▶ [Exercise brief] Please output all the entries word for word, without the pictures.

▶ [Records supplied]
•••

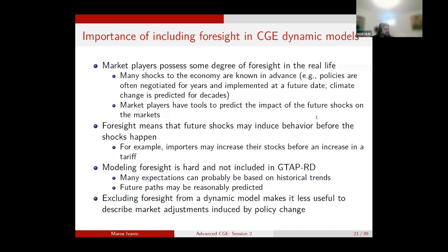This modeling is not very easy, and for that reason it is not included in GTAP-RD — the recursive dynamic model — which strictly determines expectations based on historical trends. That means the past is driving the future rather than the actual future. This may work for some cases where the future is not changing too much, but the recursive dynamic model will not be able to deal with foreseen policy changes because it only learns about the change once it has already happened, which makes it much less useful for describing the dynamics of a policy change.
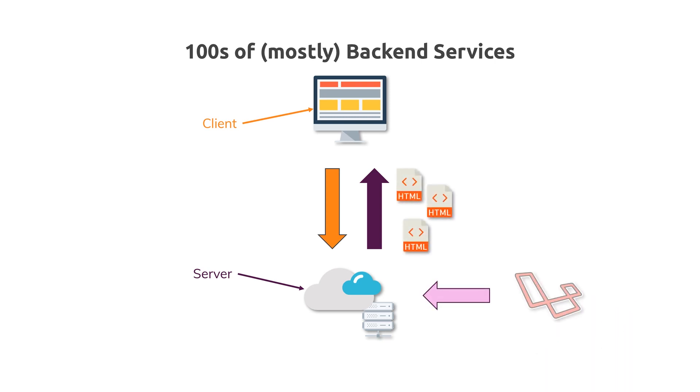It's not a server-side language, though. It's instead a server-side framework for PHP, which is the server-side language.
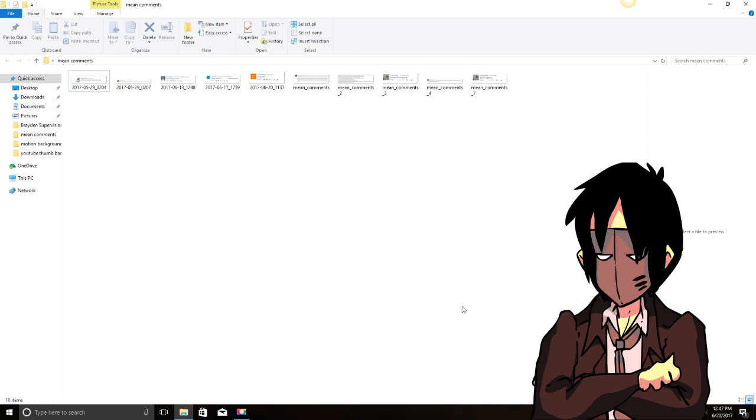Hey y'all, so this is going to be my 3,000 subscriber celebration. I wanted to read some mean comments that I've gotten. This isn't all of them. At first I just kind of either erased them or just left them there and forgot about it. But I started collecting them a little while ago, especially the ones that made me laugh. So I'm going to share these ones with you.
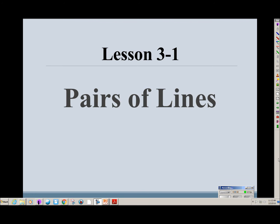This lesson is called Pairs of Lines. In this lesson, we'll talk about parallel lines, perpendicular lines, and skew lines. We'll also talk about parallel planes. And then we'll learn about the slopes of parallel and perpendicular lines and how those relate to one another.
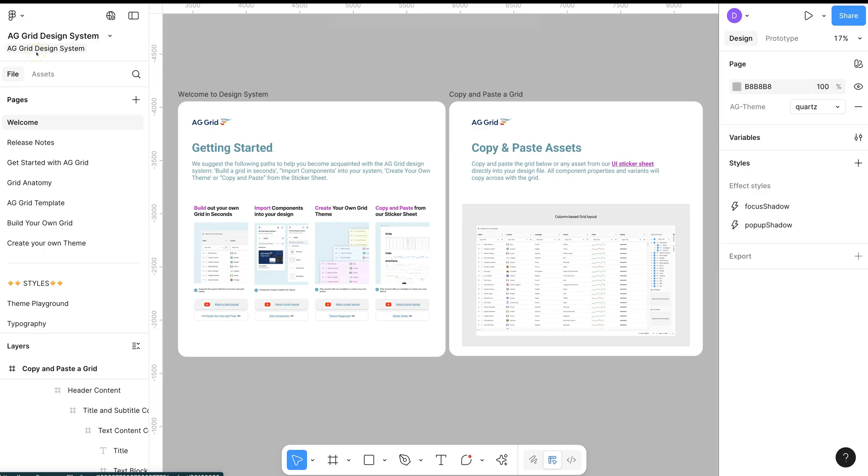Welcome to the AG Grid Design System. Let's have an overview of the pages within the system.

•••

▶ [Your response]
This modeling is not very easy, and for that reason it is not included in GTAP-RD — the recursive dynamic model — which strictly determines expectations based on historical trends. That means the past is driving the future rather than the actual future. This may work for some cases where the future is not changing too much, but the recursive dynamic model will not be able to deal with foreseen policy changes because it only learns about the change once it has already happened, which makes it much less useful for describing the dynamics of a policy change.
It's not a server-side language, though. It's instead a server-side framework for PHP, which is the server-side language.
Hey y'all, so this is going to be my 3,000 subscriber celebration. I wanted to read some mean comments that I've gotten. This isn't all of them. At first I just kind of either erased them or just left them there and forgot about it. But I started collecting them a little while ago, especially the ones that made me laugh. So I'm going to share these ones with you.
This lesson is called Pairs of Lines. In this lesson, we'll talk about parallel lines, perpendicular lines, and skew lines. We'll also talk about parallel planes. And then we'll learn about the slopes of parallel and perpendicular lines and how those relate to one another.
Welcome to the AG Grid Design System. Let's have an overview of the pages within the system.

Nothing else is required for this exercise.